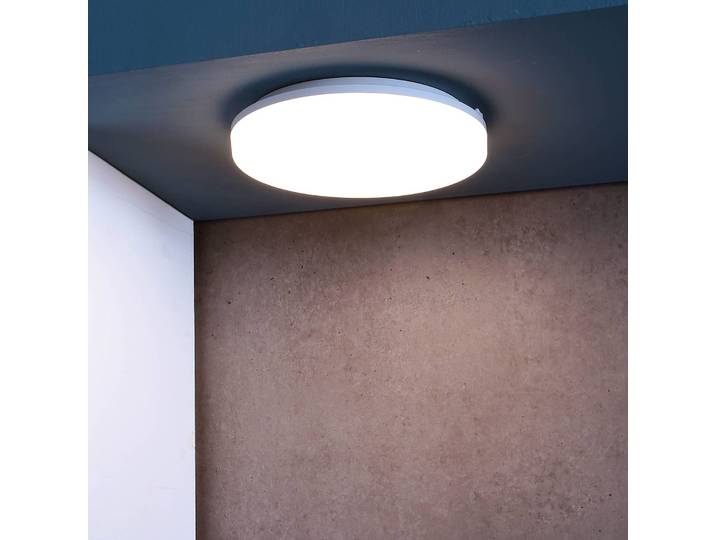 Deko-Light LED-Außendeckenleuchte Altais Motion, 12W, Ø 22 cm Motion, weiß / opal, für Flurbereich, Kunststoff, LED Deckenleuchten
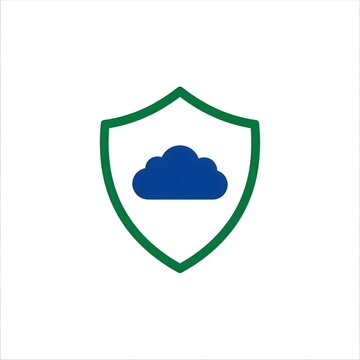 Modern digital security emblem for cloud storage and online safety solutions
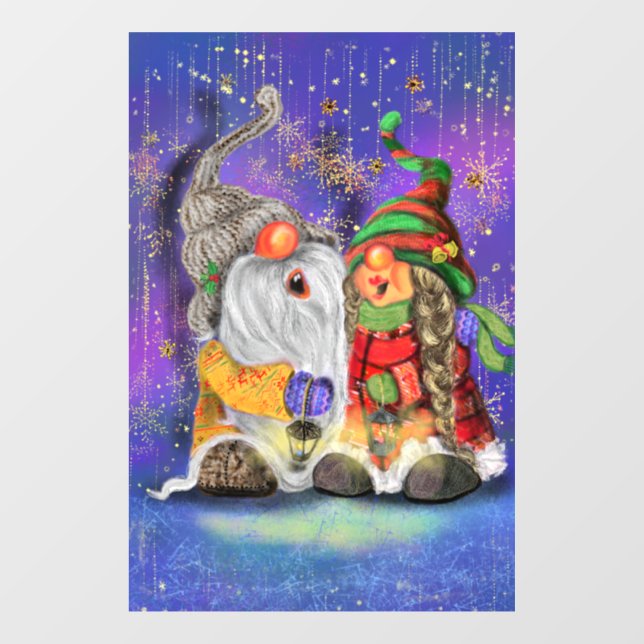 Weihnachtsfenster Klammern mit Happy Gnomes Fensteraufkleber (Blatt)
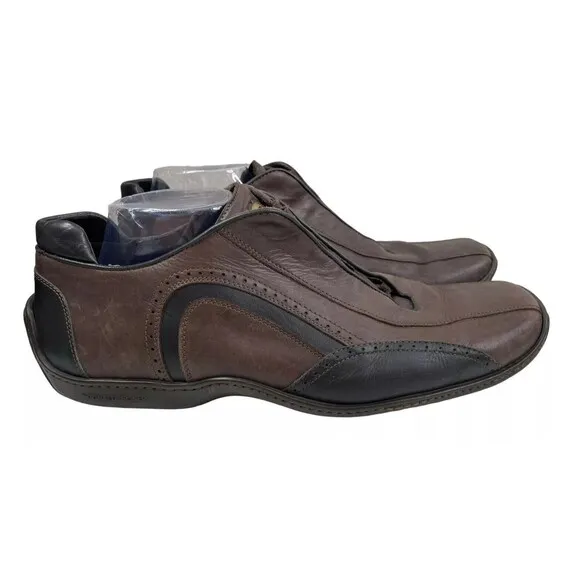 Donald Pliner Elliot Men's Brown Leather Sneaker Lace Up  Sz 12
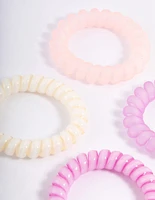 Pink Coil Hair Tie 4-Pack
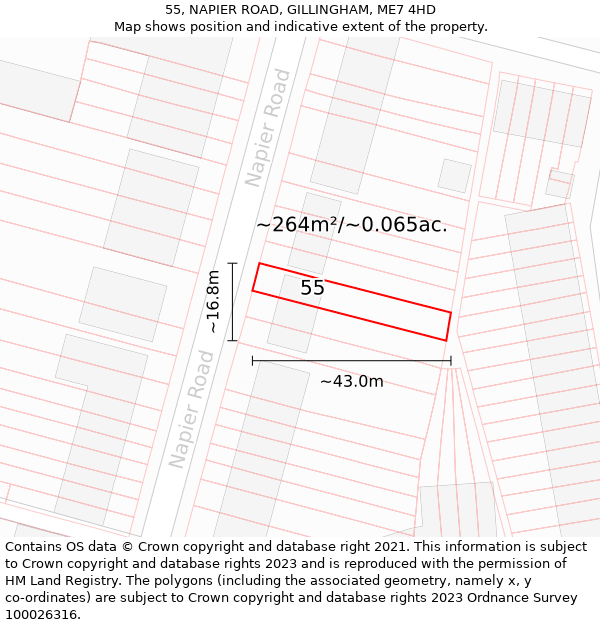 55, NAPIER ROAD, GILLINGHAM, ME7 4HD: Plot and title map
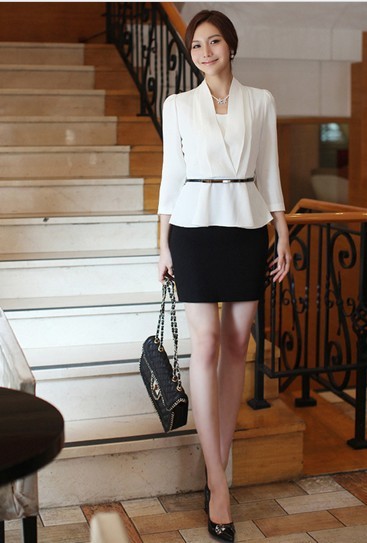 Top fashion  White-collar dress  suit  imitate-two-piece suit occupation dress nine quarter sleeve dress free shipping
——
### WHAT YOU SHOULD DO
Beginning at the line with "Pink Coil Hair Tie 4-Pack" and ending at the last line of the listing above, retype each line exactly, including those two lines. Leave the pictures out.

### TASK SOLUTION
 Pink Coil Hair Tie 4-Pack
 55, NAPIER ROAD, GILLINGHAM, ME7 4HD: Plot and title map
 Top fashion  White-collar dress  suit  imitate-two-piece suit occupation dress nine quarter sleeve dress free shipping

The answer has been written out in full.